*** THE INPUT Section Begins ***

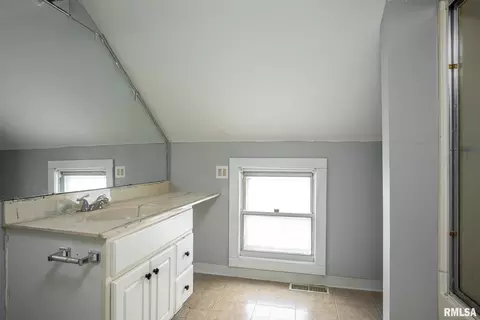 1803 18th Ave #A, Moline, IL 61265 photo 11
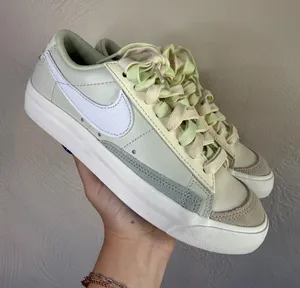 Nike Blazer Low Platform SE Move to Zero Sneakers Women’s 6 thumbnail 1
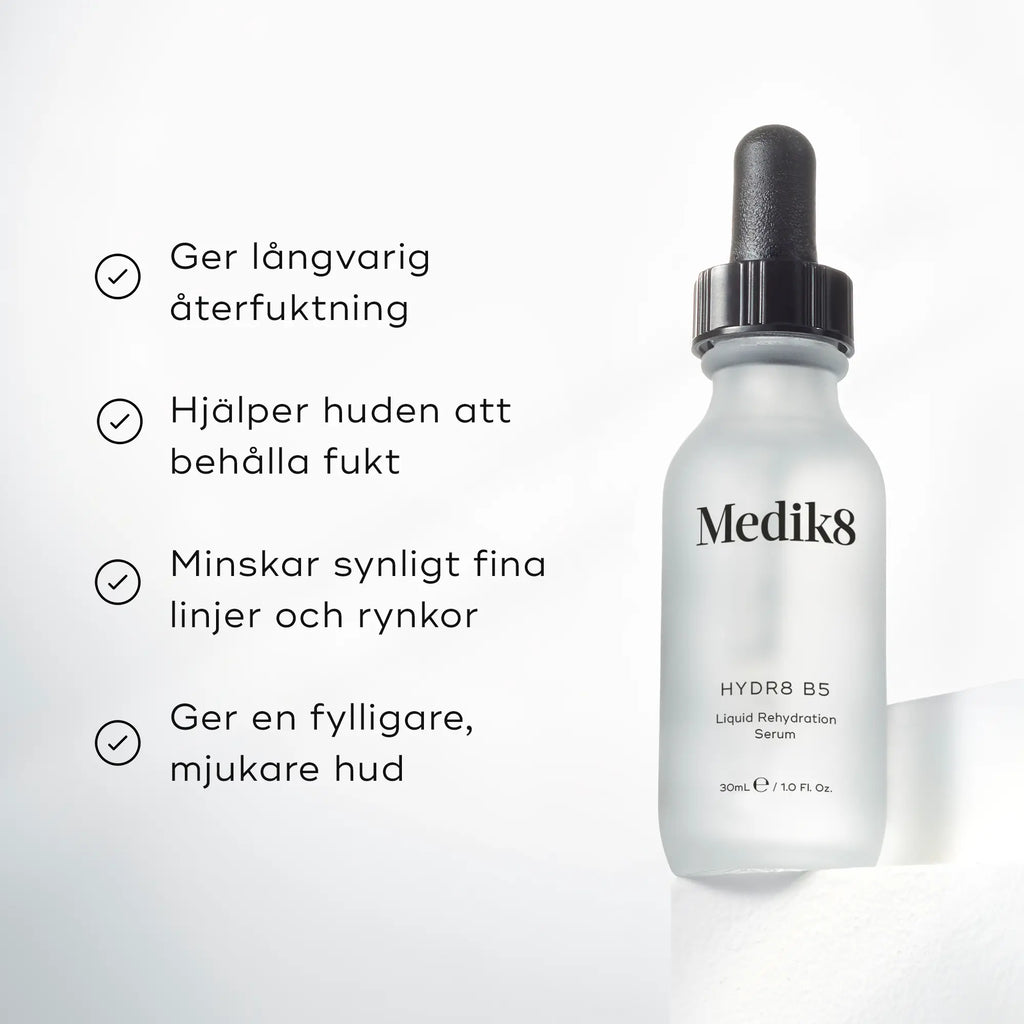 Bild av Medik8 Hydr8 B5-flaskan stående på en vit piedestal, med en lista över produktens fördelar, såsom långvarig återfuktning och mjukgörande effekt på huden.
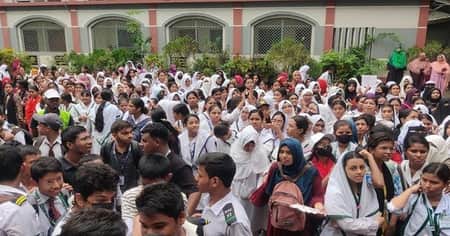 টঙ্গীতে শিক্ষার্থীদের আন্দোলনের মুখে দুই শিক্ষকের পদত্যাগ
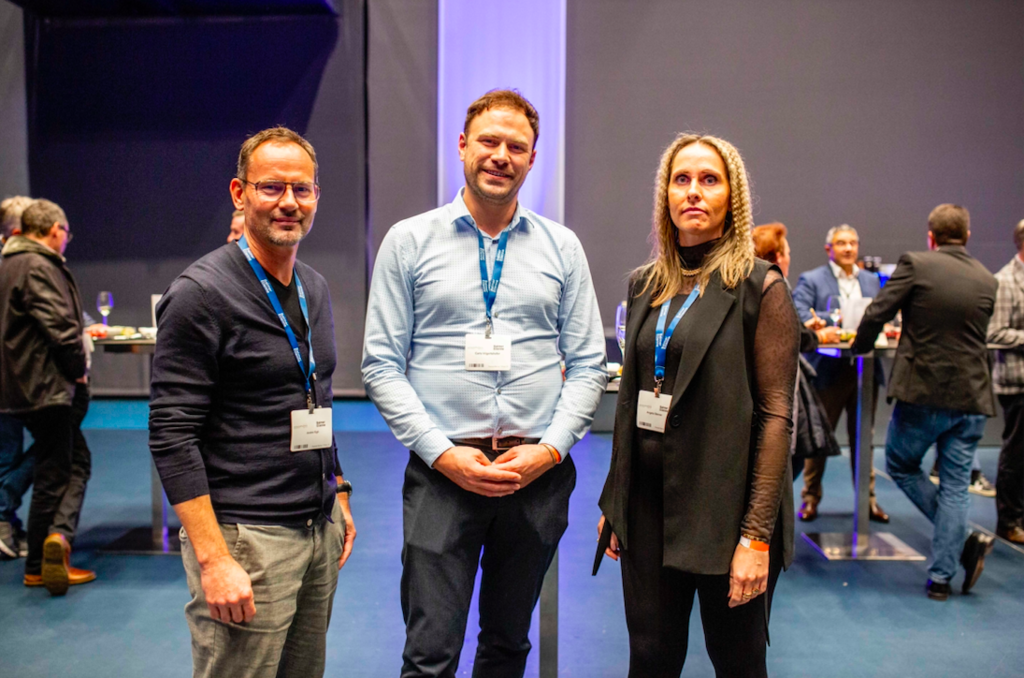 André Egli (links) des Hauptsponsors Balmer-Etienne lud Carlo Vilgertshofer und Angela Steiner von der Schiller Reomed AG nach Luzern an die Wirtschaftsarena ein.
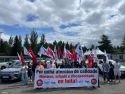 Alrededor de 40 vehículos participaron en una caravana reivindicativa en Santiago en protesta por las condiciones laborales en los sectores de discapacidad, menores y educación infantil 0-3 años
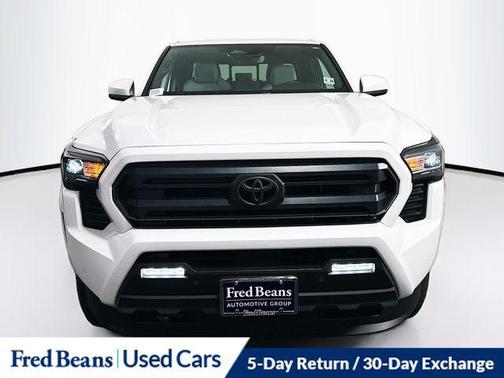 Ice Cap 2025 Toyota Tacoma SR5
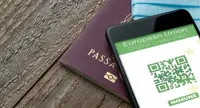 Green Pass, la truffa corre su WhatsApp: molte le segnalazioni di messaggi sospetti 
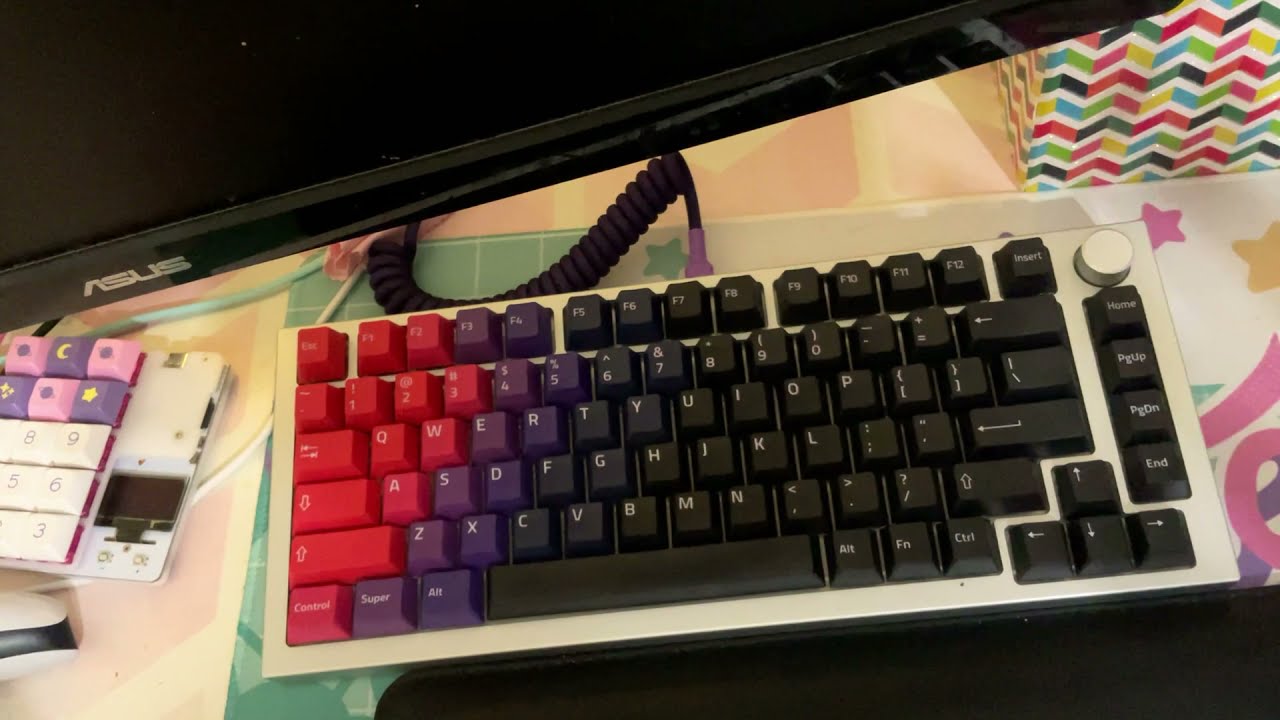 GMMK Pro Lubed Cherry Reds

*** THE INPUT Section Ends ***

EXERCISE = An exact copy of all the lines above is required, with the pictures removed.

ANSWER TO THE EXERCISE =
 1803 18th Ave #A, Moline, IL 61265 photo 11
 Nike Blazer Low Platform SE Move to Zero Sneakers Women’s 6 thumbnail 1
 Bild av Medik8 Hydr8 B5-flaskan stående på en vit piedestal, med en lista över produktens fördelar, såsom långvarig återfuktning och mjukgörande effekt på huden.
 টঙ্গীতে শিক্ষার্থীদের আন্দোলনের মুখে দুই শিক্ষকের পদত্যাগ
 André Egli (links) des Hauptsponsors Balmer-Etienne lud Carlo Vilgertshofer und Angela Steiner von der Schiller Reomed AG nach Luzern an die Wirtschaftsarena ein.
 Alrededor de 40 vehículos participaron en una caravana reivindicativa en Santiago en protesta por las condiciones laborales en los sectores de discapacidad, menores y educación infantil 0-3 años
 Ice Cap 2025 Toyota Tacoma SR5
 Green Pass, la truffa corre su WhatsApp: molte le segnalazioni di messaggi sospetti 
 GMMK Pro Lubed Cherry Reds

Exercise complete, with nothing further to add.